O pioneiro inconteste na investigação do fenômeno "Foro de São Paulo" foi o
advogado paulista José Carlos Graça Wagner, homem de inteligência privilegiada,
que muito me honrou com a sua amizade. Ele já falava do assunto, com aguda
compreensão da sua importância histórica e estratégica, por volta de 1995,
quando o conheci. Em 1999, a documentação que ele vinha coletando sobre a origem
e as ações da entidade lotava um cômodo inteiro da sua casa, e uma prova da
criteriosidade intelectual do pesquisador foi que só a partir de então ele se
sentiu em condições de começar a escrever um livro a respeito. Na ocasião, ele
me chamou para ajudá-lo no empreendimento, mas eu estava de partida para a
Romênia e, com muita tristeza, declinei do convite.
Maior ainda foi a tristeza que experimentei anos depois, quando, ao retomar o
contato com o Dr. Wagner, soube que o projeto tinha sido interrompido por uma
onda súbita e irrefreável de revezes financeiros e batalhas judiciais, que
terminaram por arruinar a saúde do meu amigo e de sua esposa, ambos já idosos.
Não sai da minha cabeça a suspeita de que a perigosa investigação em que ele se
metera teve algo a ver com a repentina liquidação de uma carreira profissional
até então marcada pelo sucesso e pela prosperidade.

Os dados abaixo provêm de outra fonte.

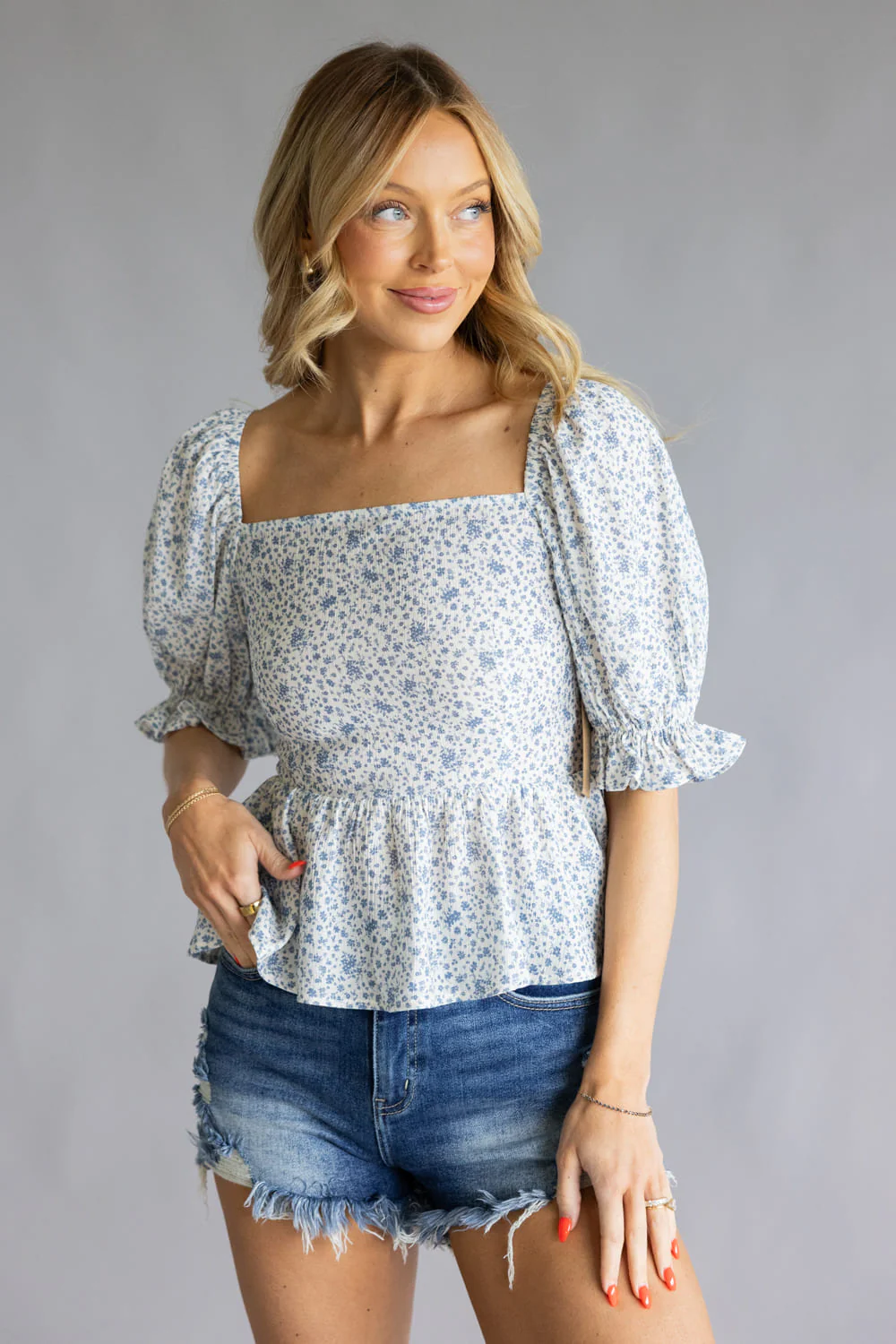 Floral Peplum Top for Women in Ivory/Blue | R602966-1-IRYBLU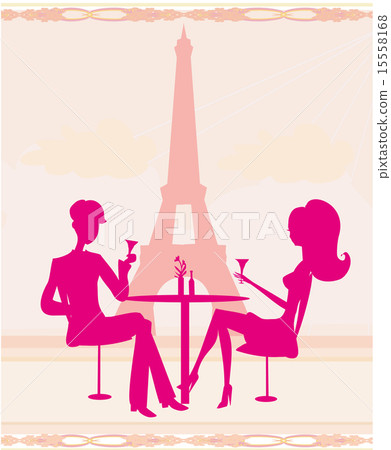 Young couple flirt and drink champagne in Paris 15558168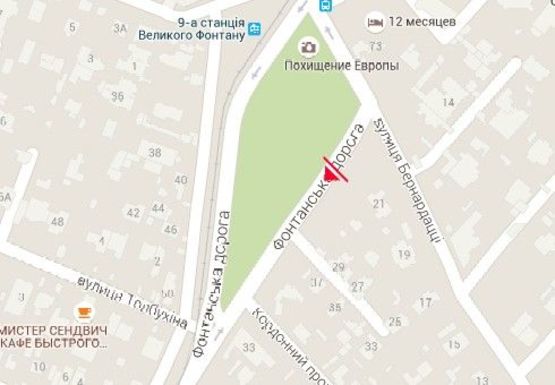 Схема рекламної площини за адресою Фонтанская дорога, 29-Б - ул. Бернардацци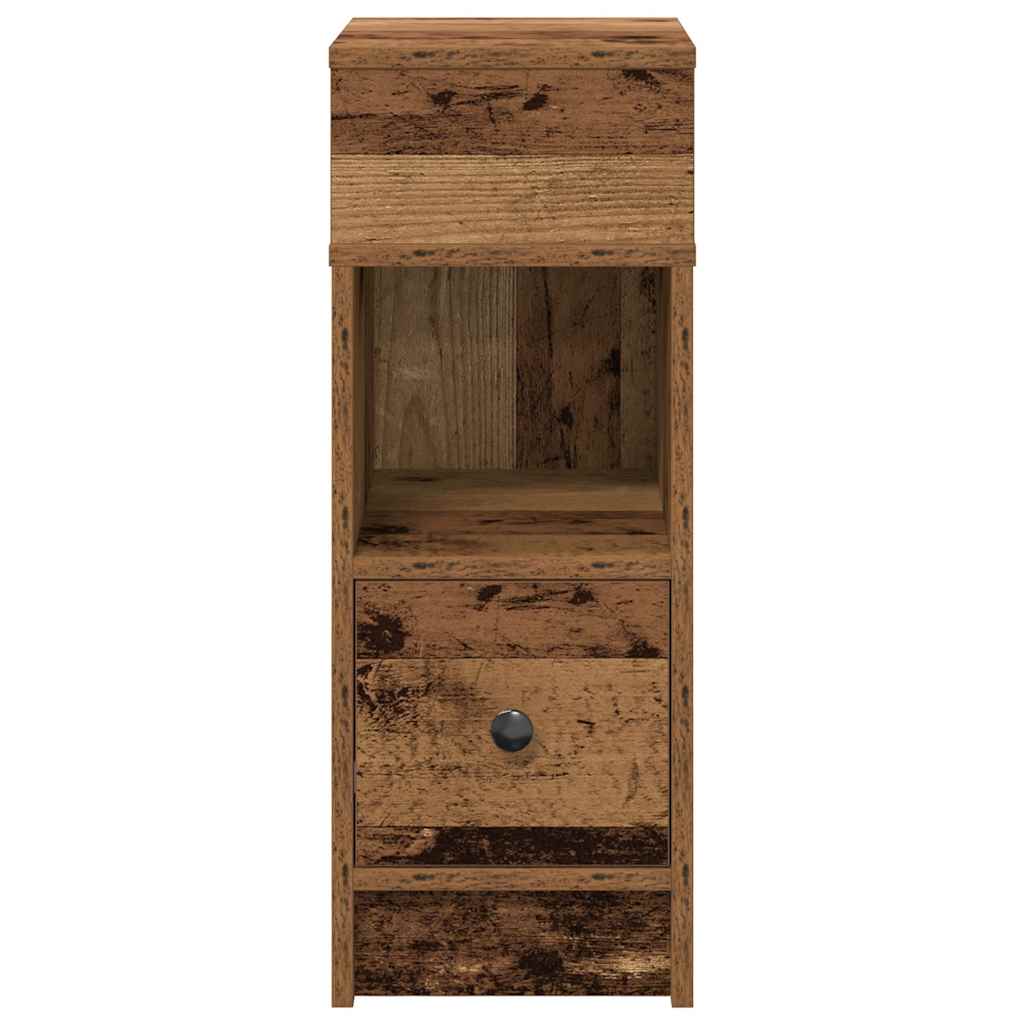 Nachtkastjes 2 st met lade 25x31x66 cm oud houtkleurig is nu te koop bij PeponiXL, paradijselijk wonen!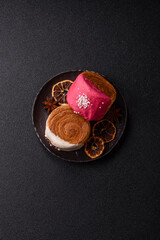 Round sweet New York roll croissant with several flavors cream filling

Ele tinha negócios nos EUA e era também lá, nas bibliotecas e arquivos de
Miami e de Washington D.C., que ele coligia a maior parte do material sobre o
Foro. Nos últimos anos, a pesquisa havia tomado um rumo peculiar. O Dr. Wagner
esperava encontrar provas de uma ligação íntima entre o Foro de São Paulo e uma
prestigiosa entidade da esquerda chique americana, o "Diálogo Interamericano".

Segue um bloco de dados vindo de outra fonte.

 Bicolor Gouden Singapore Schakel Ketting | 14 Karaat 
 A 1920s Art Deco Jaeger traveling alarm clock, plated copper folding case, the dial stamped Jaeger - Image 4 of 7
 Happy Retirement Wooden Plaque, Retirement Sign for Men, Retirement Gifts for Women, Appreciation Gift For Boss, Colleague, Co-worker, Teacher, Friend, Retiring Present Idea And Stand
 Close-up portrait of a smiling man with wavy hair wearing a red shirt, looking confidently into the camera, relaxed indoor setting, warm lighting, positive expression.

Não sei se essa prova específica existe ou não, nem se ela é realmente
necessária para demonstrar algo que metade da América já conhece por outros e
abundantes sinais, isto é, que os líderes mais barulhentos do Partido Democrata
são notórios protetores de movimentos revolucionários e terroristas (de modo que
o Foro, se acrescentado à lista, não modificaria em grande coisa as biografias
desses personagens vampirescos).
O que sei é que o começo da ruína pessoal do meu amigo data aproximadamente
de uma entrevista que ele deu ao Diário Las Américas, importante publicação de
língua espanhola em Miami, na qual falava do Foro de São Paulo e de suas
relações perigosas com o "Diálogo". Mas isto já seria matéria para outra
investigação, e longe de mim a intenção de explicar obscurum per obscurius.

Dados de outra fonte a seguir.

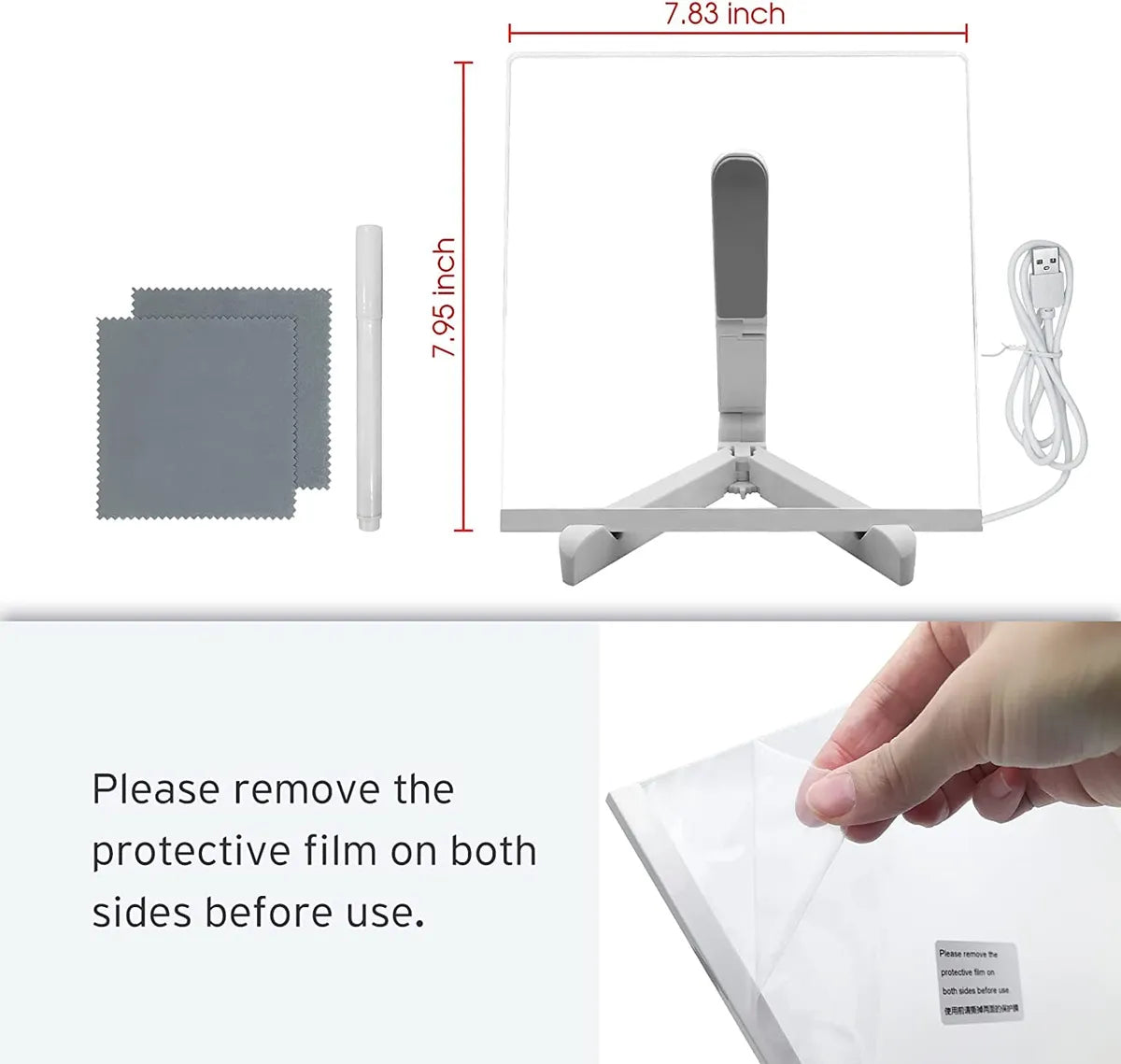 3D Acrylic Dry Erase Board with Stand & Light as a Glow Memo LED Letter Rewritable Message Glass White Board Lamp with 13 Color Pen, Note Daily Painting for Office Home (20x30 CM) (Large)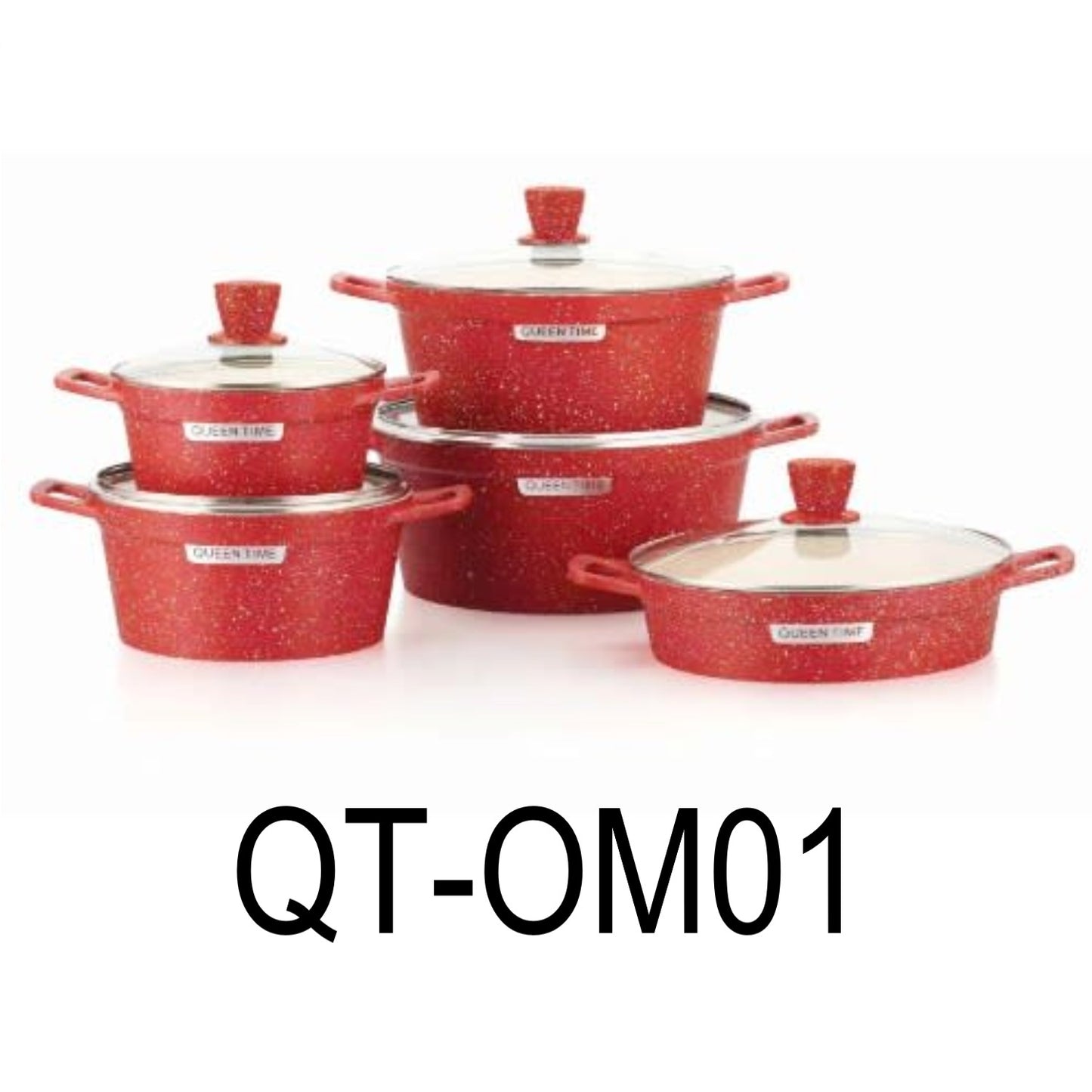 10 PC Red Aluminum Die Casting Casserole Set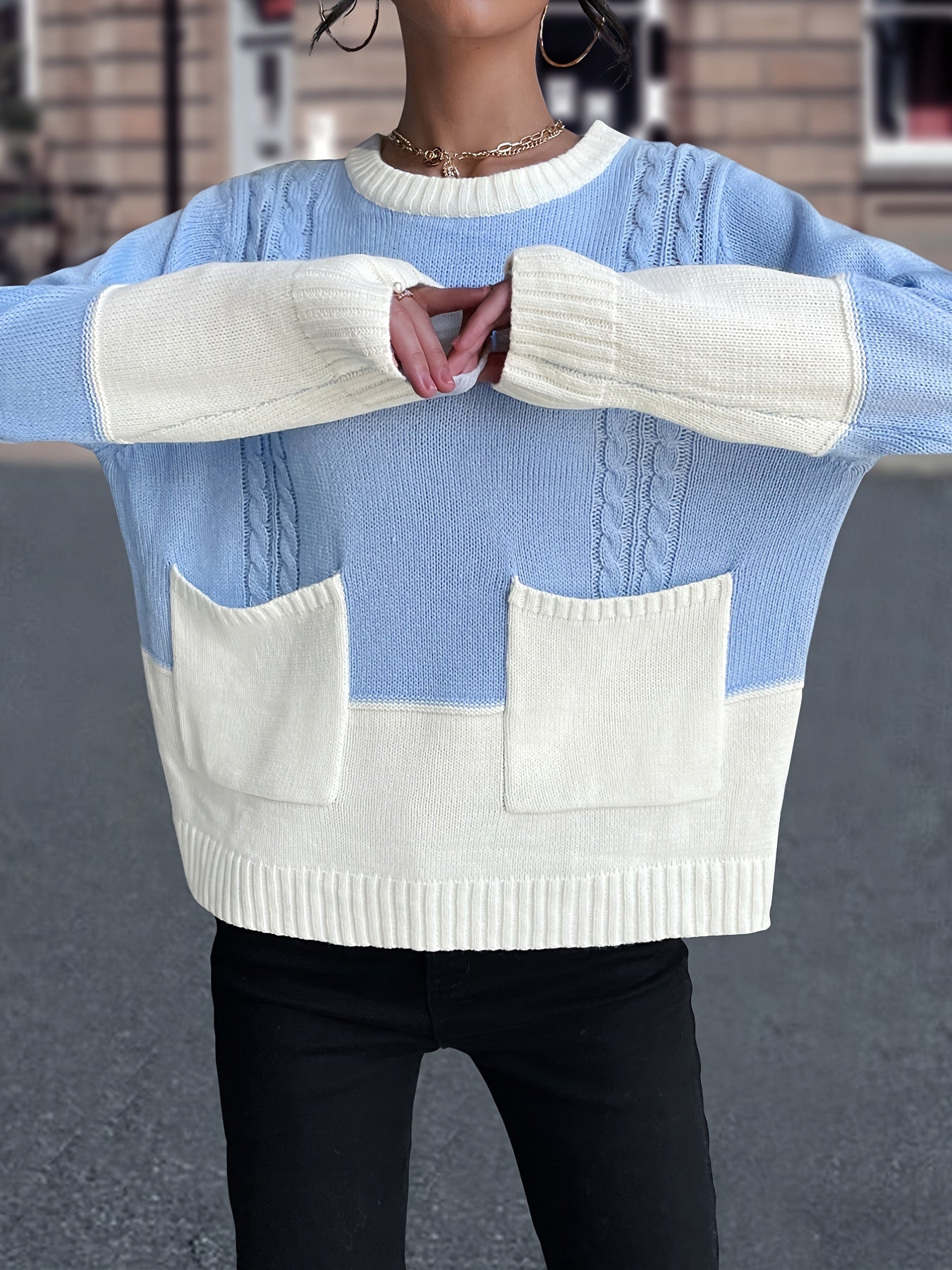Colorblock Crew Neck Pocket Sweater Loose Long Sleeve Knit Fall Winter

Mesmo sem poder prometer a solução para esse aspecto particularmente enigmático
do problema, uma coisa posso garantir: os arquivos do Dr. Wagner, recentemente
postos à disposição da equipe de pesquisadores do Mídia Sem Máscara e da
Associação Comercial de São Paulo, pela generosidade de José Roberto Valente
Wagner, permitem retomar a investigação com a esperança de que antes de um ano
teremos pelo menos a história interna do Foro de São Paulo reconstituída
praticamente mês a mês. Então será possível colocar em bases mais sólidas a
questão do "Diálogo", mas antes disso será preciso resolver outro enigma, bem
mais urgente e bem mais próximo de nós.
Vou formular esse enigma mediante o contraste entre duas ordens de fatos:
Primeira: O Foro de São Paulo é a mais vasta organização
política que já existiu na América Latina e, sem dúvida, uma das maiores do
mundo. Dele participam todos os governantes esquerdistas do continente. Mas não
é uma organização de esquerda como outra qualquer. Ele reúne mais de uma centena
de partidos legais e várias organizações criminosas ligadas ao narcotráfico e à
indústria dos seqüestros, como as FARC e o MIR chileno, todas empenhadas numa
articulação estratégica comum e na busca de vantagens mútuas. Nunca se viu, no
mundo, em escala tão gigantesca, uma convivência tão íntima, tão persistente,
tão organizada e tão duradoura entre a política e o crime.
Segunda: Durante dezesseis anos, todos os jornais, canais de
TV e estações de rádio deste País – todos, sem exceção, inclusive aqueles que
mais se gabavam de primar pelo jornalismo investigativo e pelas denúncias
corajosas – se recusaram obstinadamente a noticiar a existência e as atividades
dessa organização, malgrado as sucessivas advertências que lhes lancei a
respeito, em todos os tons possíveis e imagináveis. Do aviso solícito à
provocação insultuosa, das súplicas humildes às argumentações lógicas mais
persuasivas, tudo foi inútil. Quando não me respondiam com o silêncio
desdenhoso, faziam-no com desconversas levianas, com objeções céticas
inteiramente apriorísticas, que dispensavam qualquer exame do assunto, com
observações sapientíssimas sobre o meu estado de saúde mental ou com a zombaria
mais estúpida e pueril que se pode imaginar. Reagindo a essa pertinaz negação
dos fatos, fiz publicar no jornal eletrônico Mídia Sem Máscara as atas quase
completas das assembléias e grupos de trabalho do Foro de São Paulo. A volumosa
prova documental mostrou-se incapaz de demover os negacionistas. Eles pareciam
hipnotizados, estupidificados, mentalmente paralisados diante de uma hipótese
mais temível do que seus cérebros poderiam suportar na ocasião.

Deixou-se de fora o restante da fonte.